Given N count of stairs we want to know how many ways are there to climb all the stairs if we are allowed to climb only one or two stairs at a time.
Solution:
This problem lends itself to dynamic programing using recursion
In order to climb stairs we can take one step which leaves us with N-1 steps and we may take two steps which leaves us with N-2 steps which gives us the following
public int ClimbStairs(int[] memo, int n) {
if (n == 0)// If no stairs
return 0;
if (n == 1)//If one stair to climb then we just take one step
return 1;
if(n==2) //If two stairs to climb then either we can take two single steps or one two step jump. So there are two ways.
return 2;
if (memo[n] == 0) {
int result1 = ClimbStairs(memo, n - 1);
int result2 = ClimbStairs(memo, n - 2);
memo[n] = result1 + result2 ;
}
return memo[n];
}
If the rule was we could take three steps in addition to the one and two steps then we would add one more result
int result3 = ClimbStairs(memo, n - 3);
Note:
This question is almost similar to fibonacci series.
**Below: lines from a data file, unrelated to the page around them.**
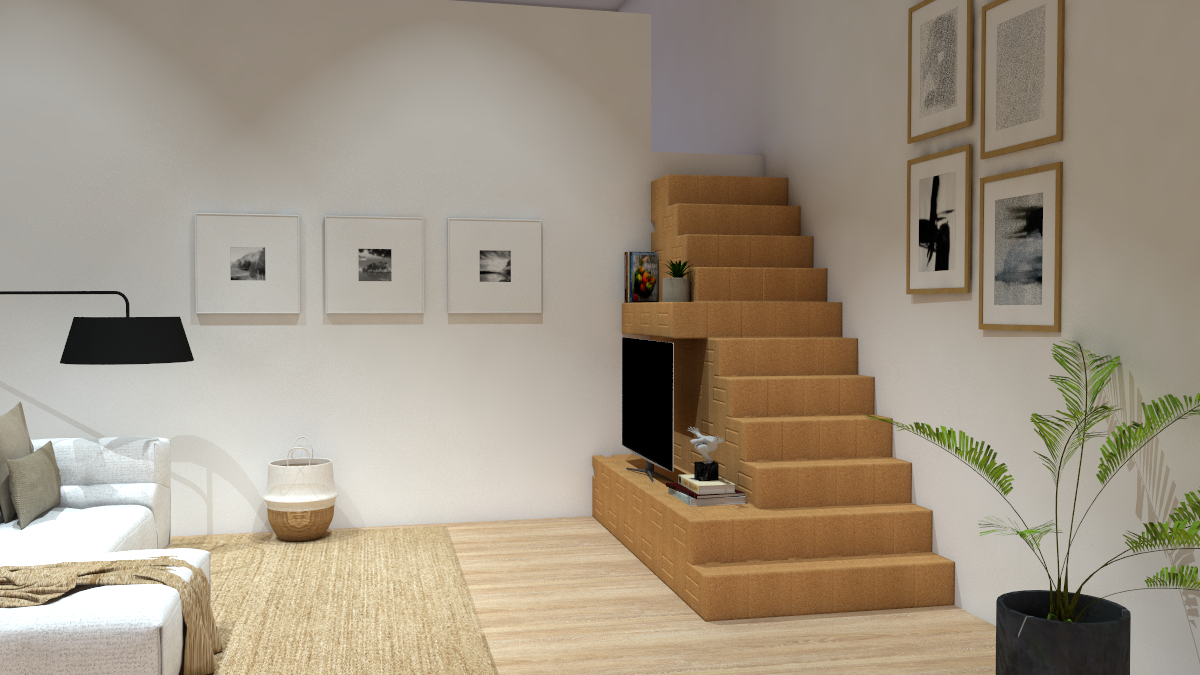 Easy to setup Corkbrick stairs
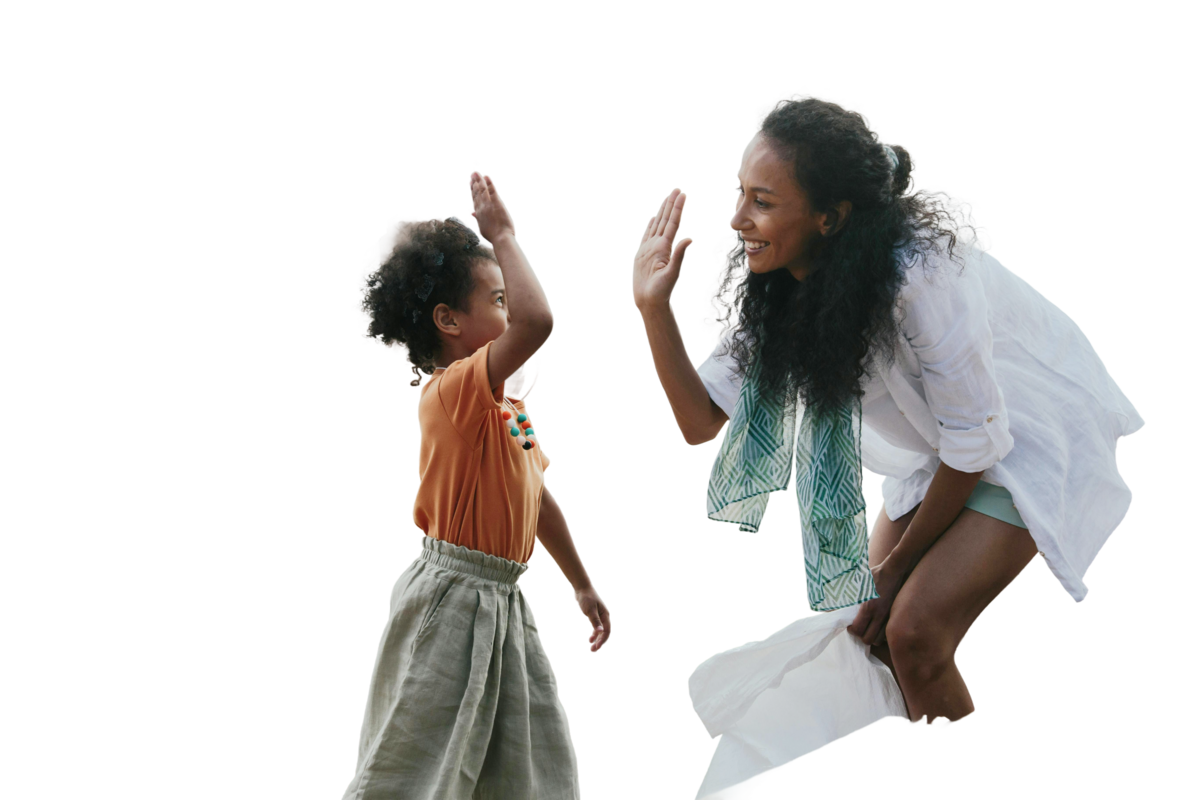 Woman and child smiling and high-fiving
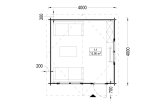 Casetta in legno da giardino DREUX (34 mm), 4x4 m, 16 m² specification 1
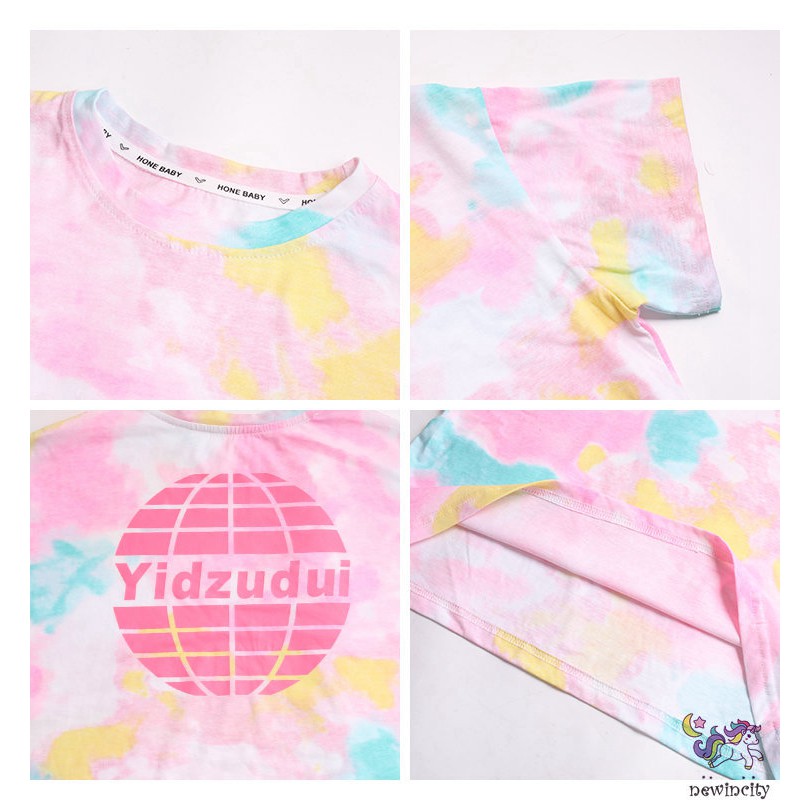 Áo Thun Tay Ngắn Họa Tiết Màu Nhuộm Phong Cách Hàn Quốc Cho Bé Gái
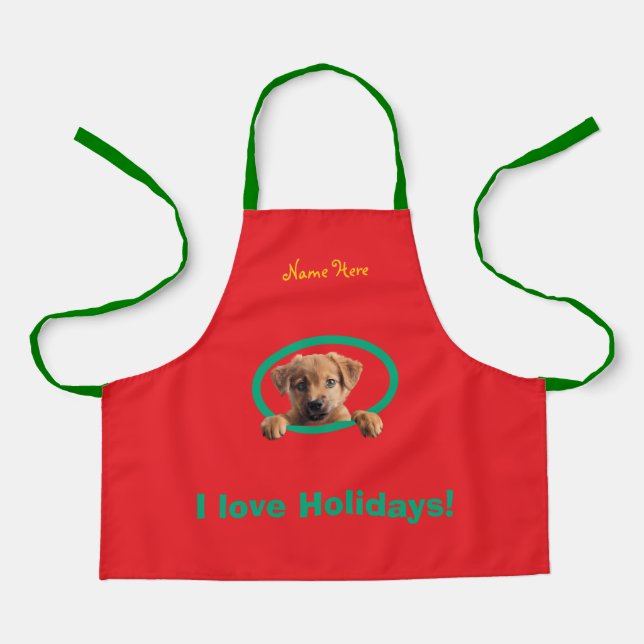Delantal Happy Christmas Family-loviing Cutest Puppy  Apron (Anverso)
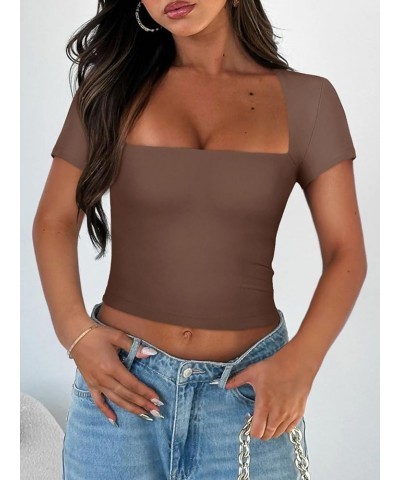 Women's Sexy Square Neck Short Sleeve Double Lined Tight T Shirts Crop Tops Coffee $11.00 T-Shirts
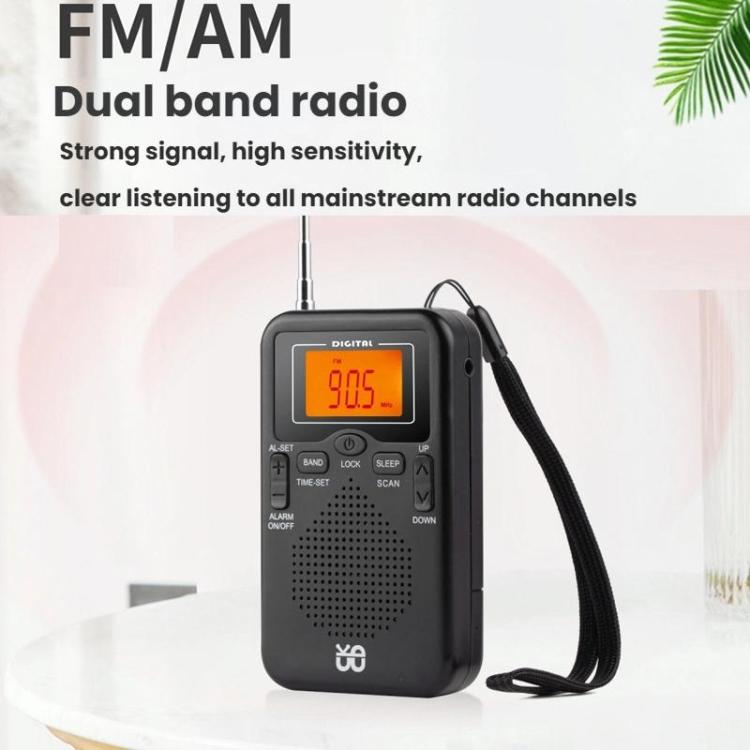 便攜 FM/AM 時鐘控制立體聲口袋收音機播放器，適用歐盟，適用美國
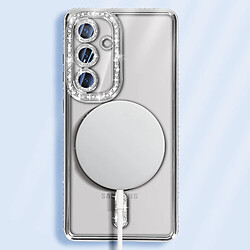 Avizar Coque Diamant pour Samsung Galaxy S24 Plus MagSafe Contour Strass Argent pas cher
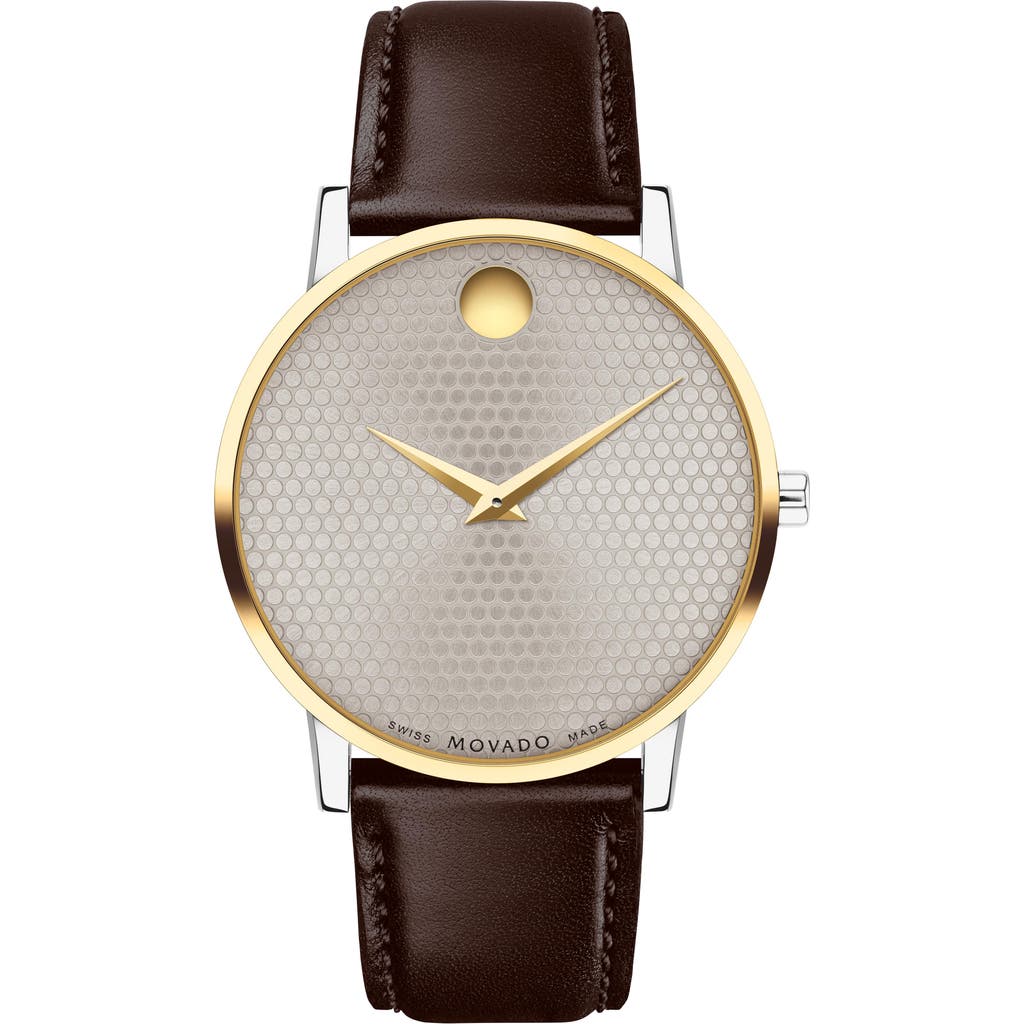 Movado Museum Classic Leather Strap Watch, 40mm In Brown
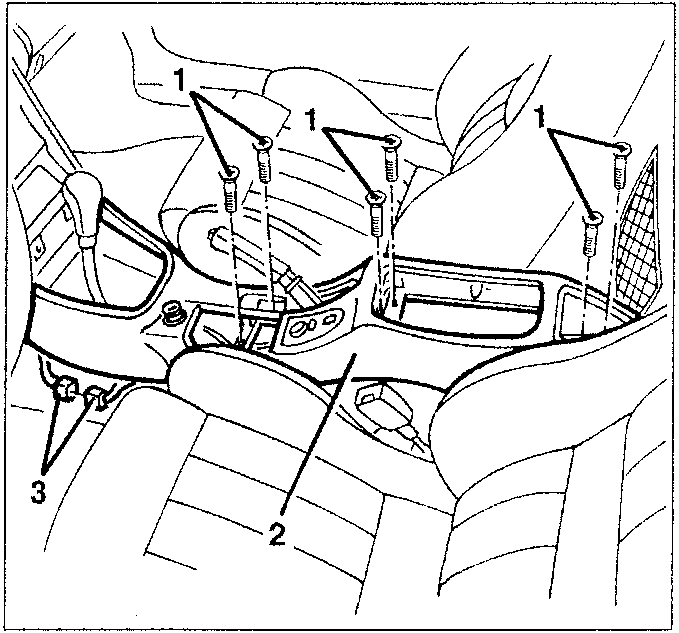 Diagram showing tunnel unit fastening screws and electrical connection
In febonacci we calculate the first two number to get the next number
Same is here, we need the result of all the possible ways to come to one step below and all ways to come to two steps below and we add them together.
In this problem we used dynamic programing memoization technique (top-down) approach. Memoization helps us to store already computed values so that we don't have to compute again and hence more efficient.
We can also use Bottom-up approach of dynamic programing to solve this problem using iteration instead of recursion.